What are your statistical principles?
#1: Data can be singular or plural, depending on your mood
The well-known statistical methodologist Andrew Gelman recently posed an interesting question on his blog: what are your statistical principles? [Andrew Gelman]. I think about this question a fair amount, both in my reading and thinking about social science and in my day job leading an analytics and data science team. Both have taught me a healthy respect for the power of statistics and data to make predictions and decisions, as well as a healthy respect for their fundamental inability to provide the certainty that people crave.
I hoped that laying out my principles might help my readers and followers avoid my mistakes, and prevent a life of crime (against data).

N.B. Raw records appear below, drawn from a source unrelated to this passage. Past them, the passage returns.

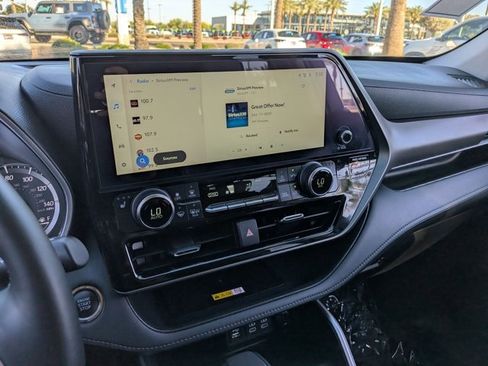 Used 2023 Toyota Highlander XLE image 13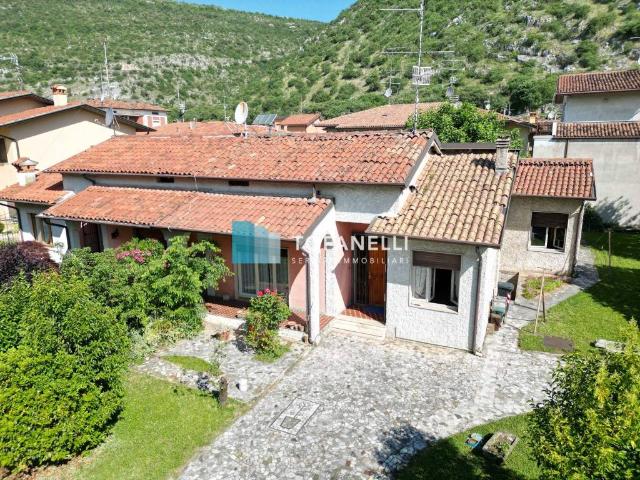 Villa Indipendente in vendita a Mazzano, Lombardia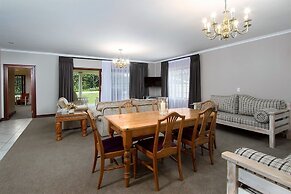 Milkwood Lodge - Hermanus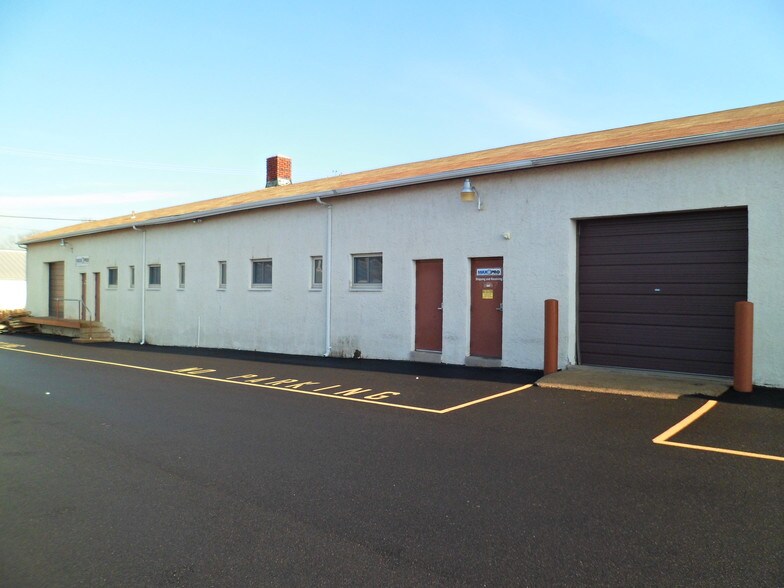 418 Caredean Dr, Horsham Township, PA for sale - Building Photo - Image 1 of 1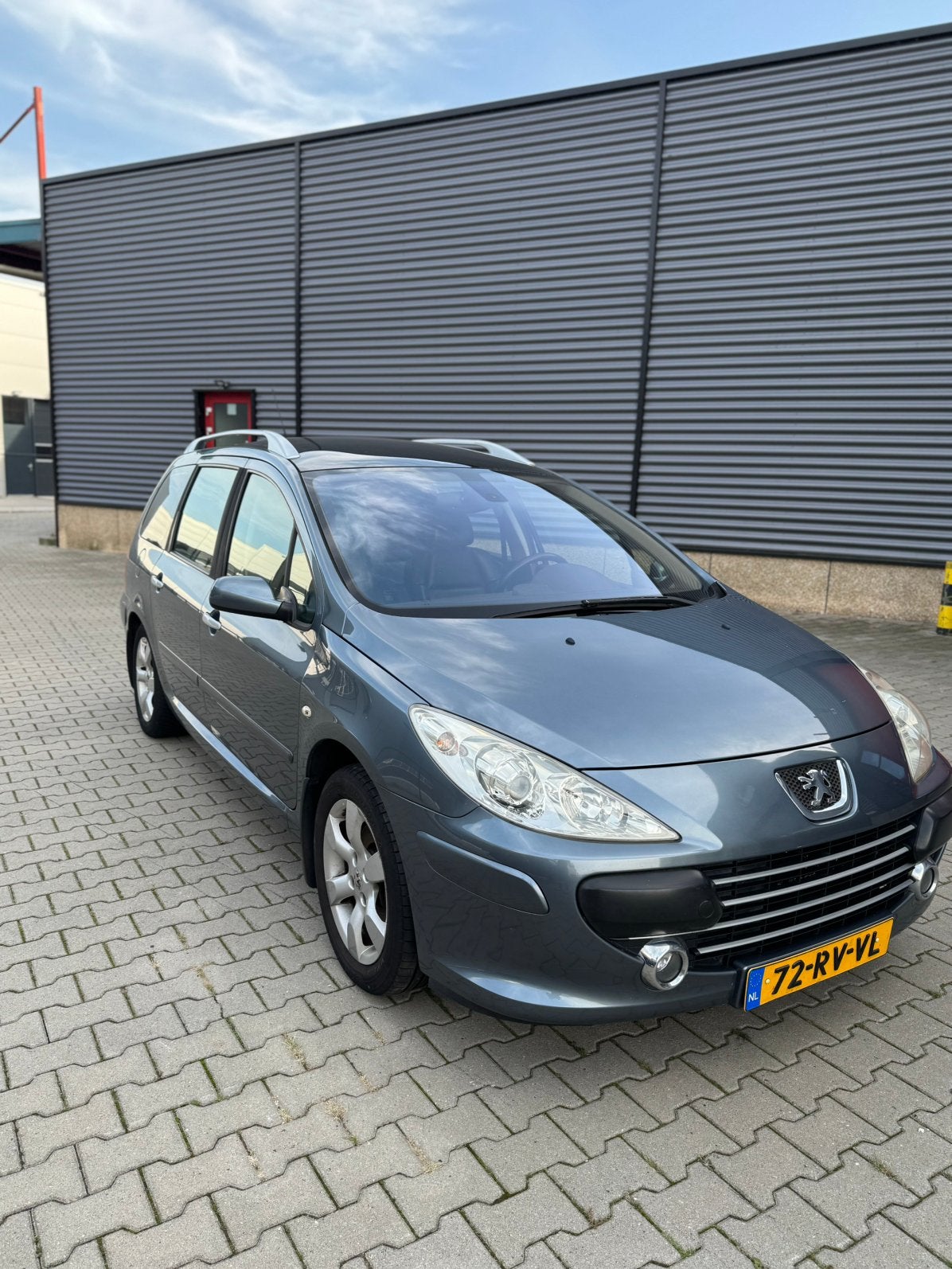 Peugeot 307 1.6 16V XR Break 2005 Grijs, Auto's, Zwart, 4 cilinders, 715 kg, 7 stoelen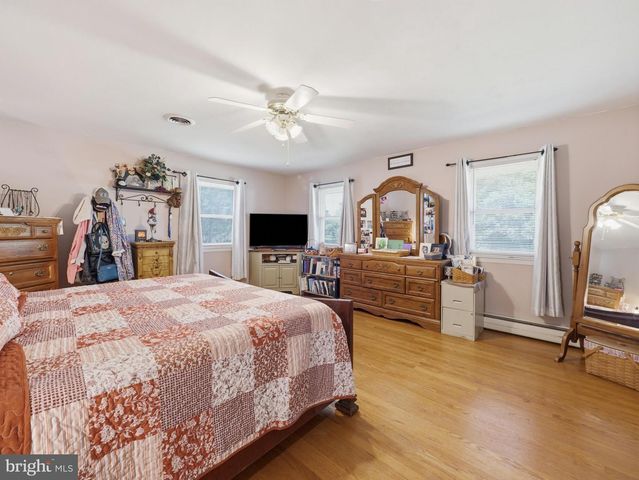 10535 PEACHTREE LN, Williamsport, MD 21795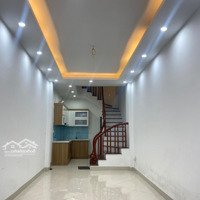 Cần Bán Căn Nhà Mới Cách 1 Nhà Ra Đường Ô Tô Quận Cầu Giấy Diện Tích 30M2 Đầy Đủ Công Năng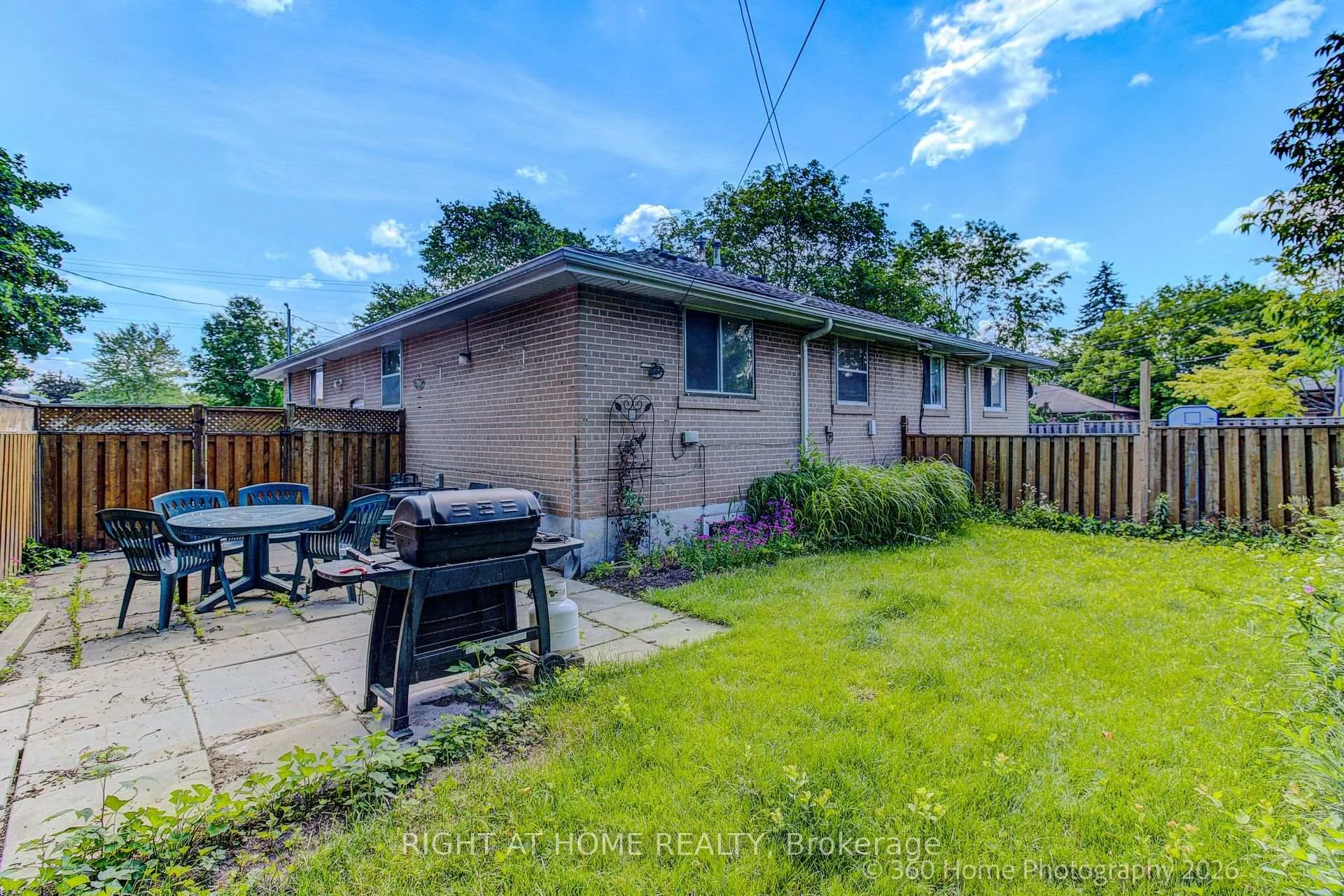 Photo 23 of 116 Longford Drive, Newmarket, Bristol-London — HOMEH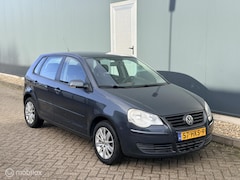 Volkswagen Polo - 1.6-16V Comfortline NAP/APK/CRUISE/AIRCO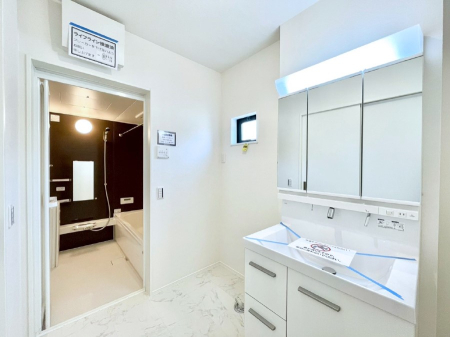 ���̑� �L�X�Ƃ�Ƃ�̂��郉���h���[�X�y�[�X�B  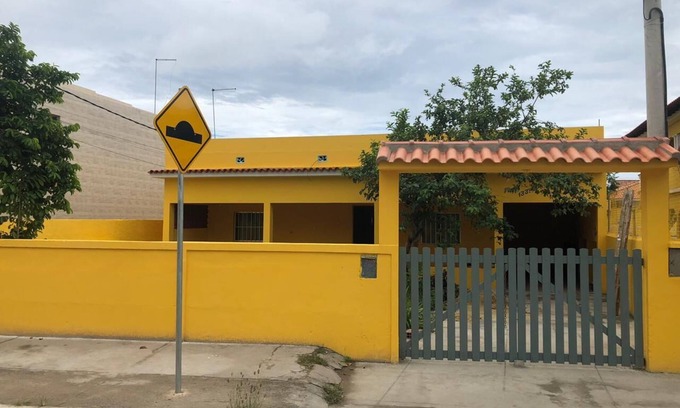 Praia da Vila House | HOUSE WITH 3 BEDROOM POOL BETWEEN THE POND AND THE SEA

Life is multi-method and truth is conditional
There’s no method that is always appropriate, and there is no right answer. A fun thing you learn in intro methods in grad school is that linear regression represents a correlational relationship between the independent variables and the predictor, not a causal one. The one exception, when correlation is causation, is when your regression has fully captured all the relevant variables and is “correctly specified”1. And that is kind of a joke, of course, because in real-world data it’s an iron-clad guarantee that your data set will never capture all relevant data and won’t be correctly specified.
Simple catch-22 with a deeper lesson: you can’t use statistics to find out the indisputable and underlying truth. Another method, facially appropriate to the situation, may give you different findings. Even if all applicable methods agree for a given data set, the “truth” you’ve uncovered is going to be conditional and subject to change. I studied Congress in graduate school, and the rules by which Congress operates (both literal and figurative) are very different in 2021 than they were in 2021, and the nature and magnitude of quantitative regularities are very different. The same is true in virtually all spheres of human life that are worth studying. If one were to somehow figure out The Truth about a given quantitative relationship, that relationship will change over some scope of time and place.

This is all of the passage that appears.